Take the entries that follow and return exactly the lines from the one holding "Istoria credintelor si" through the one holding "Marketing faoliyatini tashkil etish", both included. Nothing else is needed.

Crawled caption data:
------------------------------------------------

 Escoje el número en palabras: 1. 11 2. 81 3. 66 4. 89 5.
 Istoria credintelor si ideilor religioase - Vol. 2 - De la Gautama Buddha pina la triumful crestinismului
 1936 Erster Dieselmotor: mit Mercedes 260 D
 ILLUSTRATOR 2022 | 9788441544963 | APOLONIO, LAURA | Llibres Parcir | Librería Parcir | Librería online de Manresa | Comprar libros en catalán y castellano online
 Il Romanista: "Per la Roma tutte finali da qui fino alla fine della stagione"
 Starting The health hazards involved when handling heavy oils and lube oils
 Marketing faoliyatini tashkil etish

------------------------------------------------

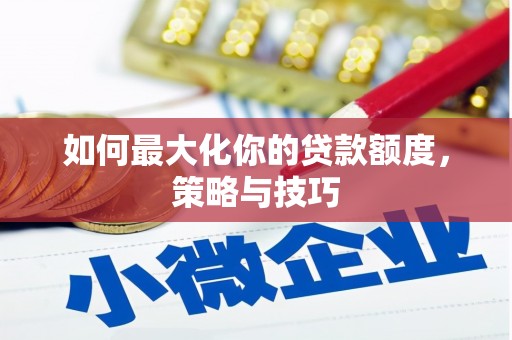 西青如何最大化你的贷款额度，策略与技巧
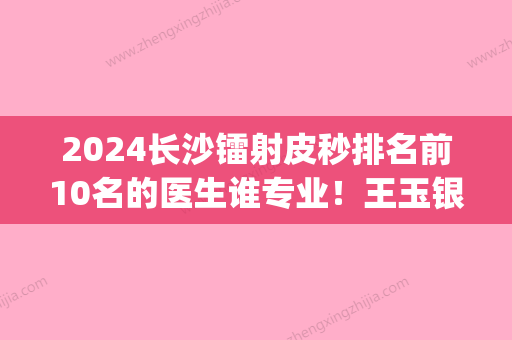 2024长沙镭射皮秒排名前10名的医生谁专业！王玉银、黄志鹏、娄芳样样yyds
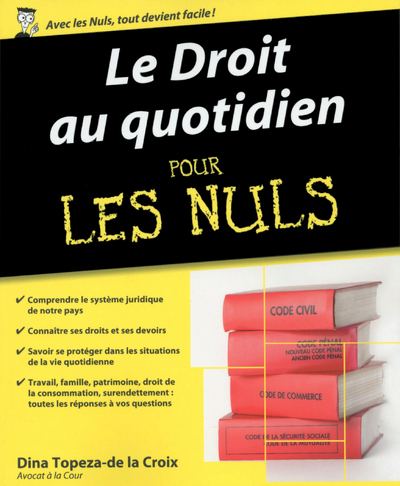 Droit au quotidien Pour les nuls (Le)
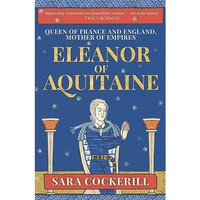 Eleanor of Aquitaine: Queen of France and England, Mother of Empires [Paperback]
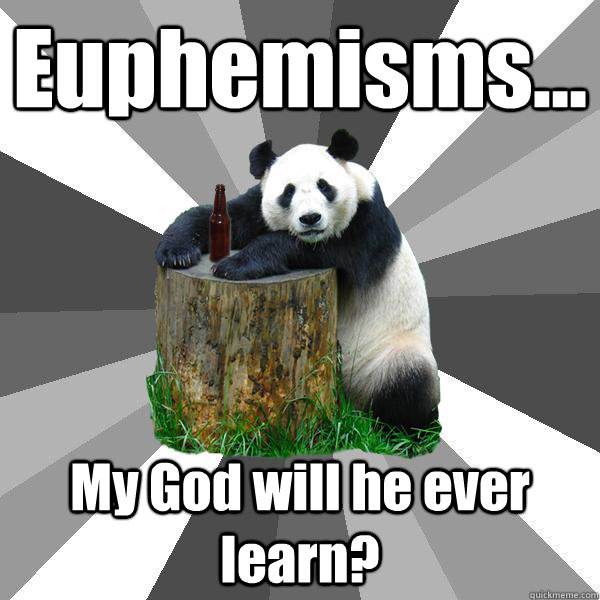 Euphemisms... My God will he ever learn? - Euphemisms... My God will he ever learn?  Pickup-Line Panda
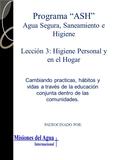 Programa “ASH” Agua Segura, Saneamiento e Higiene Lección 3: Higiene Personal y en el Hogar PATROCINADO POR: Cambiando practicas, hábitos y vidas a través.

------------------------------------------------

_Completed task:_
 Istoria credintelor si ideilor religioase - Vol. 2 - De la Gautama Buddha pina la triumful crestinismului
 1936 Erster Dieselmotor: mit Mercedes 260 D
 ILLUSTRATOR 2022 | 9788441544963 | APOLONIO, LAURA | Llibres Parcir | Librería Parcir | Librería online de Manresa | Comprar libros en catalán y castellano online
 Il Romanista: "Per la Roma tutte finali da qui fino alla fine della stagione"
 Starting The health hazards involved when handling heavy oils and lube oils
 Marketing faoliyatini tashkil etish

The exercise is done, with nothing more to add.